There is a question regarding the title of the law: Is the law aimed at “regulating the possession of dangerous animals,” or “prohibiting their possession, breeding, and trade,” with exceptions for certain categories? A second question: Does the order to apply the law refer to the enactment law? Or the substantive law? Or both together according to the phrasing used? Clearly, it refers to the substantive law only, not both!

The most important question is: How many sources does the law ask the user to refer to without specifying the articles meant to be referred to? The law refers the user to all international agreements the state is a party to, and all the provisions of three other laws. Is it easy for the user to review all of these?
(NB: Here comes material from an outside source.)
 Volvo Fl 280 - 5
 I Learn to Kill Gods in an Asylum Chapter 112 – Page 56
Even the devil himself would fail to do so. What is surprising and perplexing is that this mistake is not limited to this law alone, but occurs in most Arab laws!
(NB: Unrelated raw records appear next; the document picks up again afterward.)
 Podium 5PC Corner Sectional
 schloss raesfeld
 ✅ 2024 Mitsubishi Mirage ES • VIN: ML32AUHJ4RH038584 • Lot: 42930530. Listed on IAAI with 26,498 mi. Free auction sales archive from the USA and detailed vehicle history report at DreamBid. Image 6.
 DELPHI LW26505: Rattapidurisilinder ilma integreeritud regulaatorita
Undoubtedly, imprecise references to other texts, whether inside the law or outside of it, lead to user fatigue, make it difficult to understand, and, consequently, reduce the chances of implementing its provisions. Take, for example, Article (110) of the Egyptian Labor Law No. 12/2003, which states: “Without prejudice to the provisions of Article 198 of this law and with consideration to the provisions of the following articles…” What is meant by “the following articles”? Does it mean the articles following Article (198), or the articles following Article (110)? In either case, what is the scope of these provisions? In other words, no one knows for sure where these referred provisions begin, or even where they end!

Another example of a burdensome reference is what was stated in Article (8-1) of the UAE Federal Decree-Law No. 40/2023 on Mediation and Reconciliation, which says: “Mediation may be conducted in all civil and commercial disputes that can be settled, provided it does not contradict the applicable legislation or public order and public morals in the state, with consideration to the provisions of Article (28) of this Decree-Law, and without prejudice to the provisions of local laws that regulate the provisions of mediation.” This text simply asks the user to review all the applicable legislation in the state, as well as all the rules regulating public order and public morals. Is this reasonable?
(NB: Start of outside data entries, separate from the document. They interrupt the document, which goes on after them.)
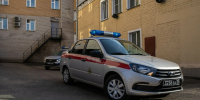 В Кирове росгвардейцы задержали подозреваемого в угоне и незаконном проникновении на охраняемую территорию - Kirov.Online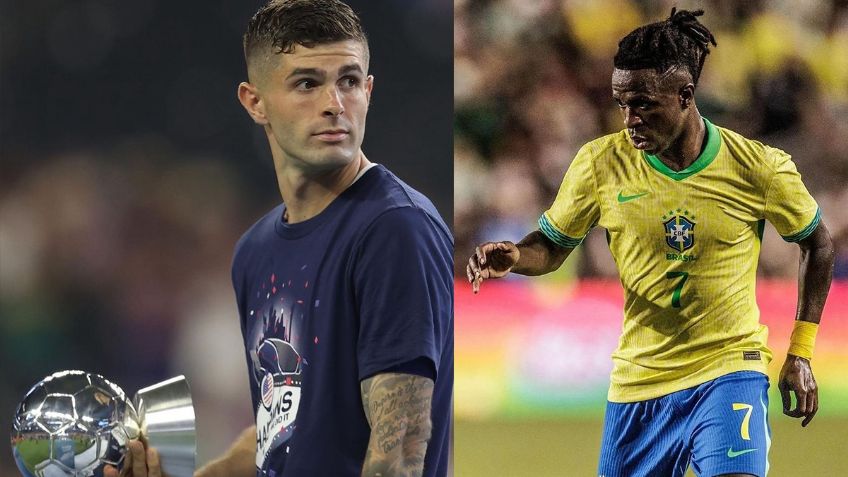 El duro mensaje de Brasil para EUA previo a su debut en la Copa América: "Los gringos no saben..."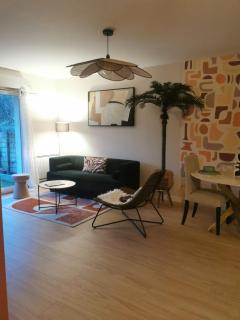 Beautiful cocooning appartement - 4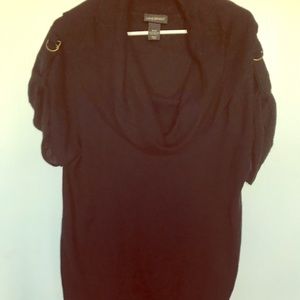 Lane Bryant Cowl Sweater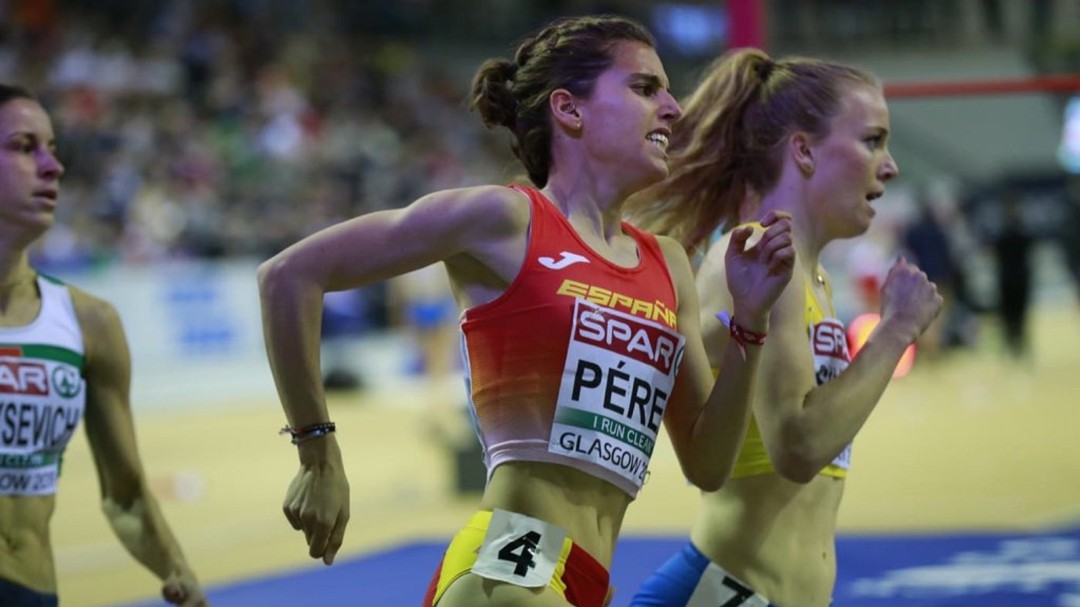 Últimas noticias sobre Marta Pérez Cadena SER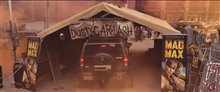 Mad Max: Fury Road - Dusty Car Wash Video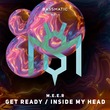 M.E.E.R - Get Ready / Inside My Head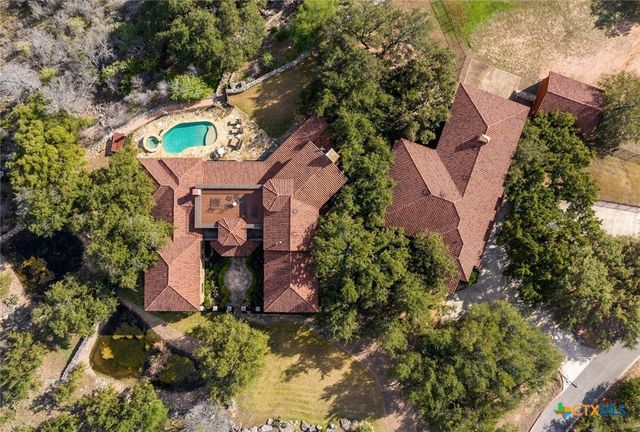 0000 Fall Creek Estates Drive, Spicewood, TX 78669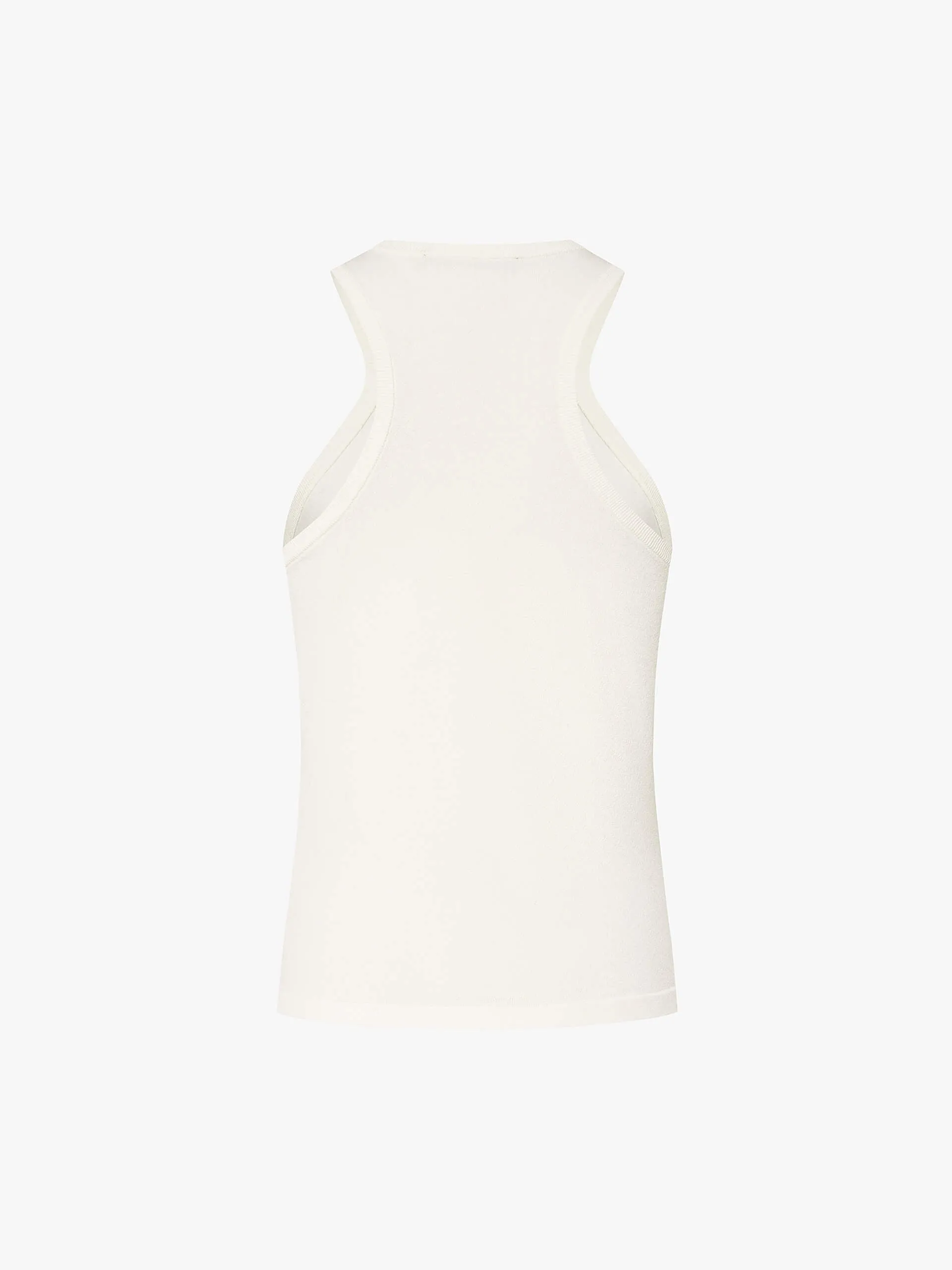 Logo Detail Soft Tank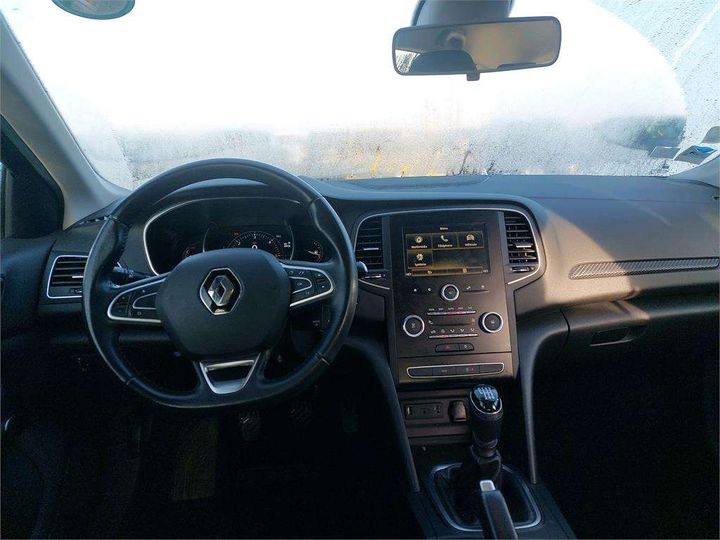 Photo 4 VIN: VF1RFB00760079255 - RENAULT GRAND SCENIC 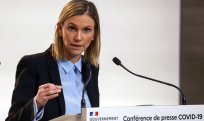 French ecology minister hits back at Aliyev
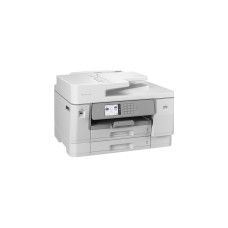 Brother MFC-J6955DW, Multifunktionsdrucker(grau, USB, LAN, WLAN, Scan, Kopie, Fax)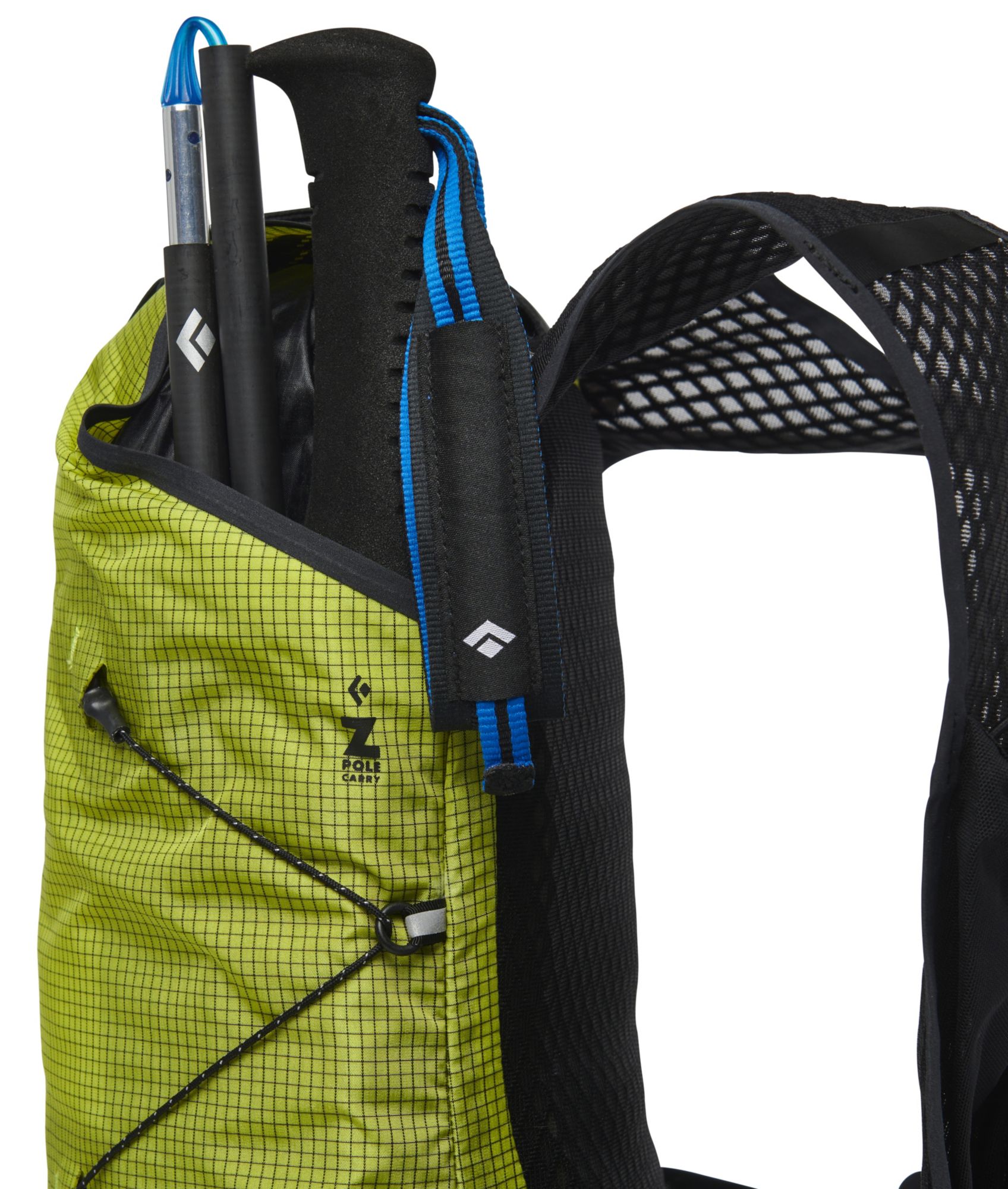 Black Diamond Distance 8 Backpack product image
In many cases, the issue is not about the legislation referred to, but rather about clarifying the meaning of the referral. Take, for example, Article 3 of the Saudi Government Procurement System of 1427 Hijri (which was replaced by the Procurement System of 1440 Hijri), which states: “Without prejudice to the provisions of the Foreign Investment System, all individuals… wishing to deal with the government… shall be given equal opportunities…” It is assumed that the Foreign Investment System may grant better advantages than the procurement system, so the more accurate phrasing would have been: “With consideration to the advantages stipulated in Article ×× of the Foreign Investment System of [year]…”

In principle, the legislative text should include all its requirements so that it is easy to understand and absorb its meaning without the need to refer to external sources. Therefore, the draftsman should make the draft law independent in its content, self-contained, and should not refer its user to previous legislations and ask them to review rules that may no longer be valid or have become outdated with each passing year since they were issued, as this hinders understanding of the text and delays full comprehension of its meaning until the referred text or source is reviewed.

In our opinion, when referring to a provision within the law itself, the exact location of the referred provision should be specified clearly. When referring to an external provision, consideration should first be given to repeating the text instead of referring to it. If this is not possible, the location should be clearly specified with its text included in a footnote or an appendix to the law.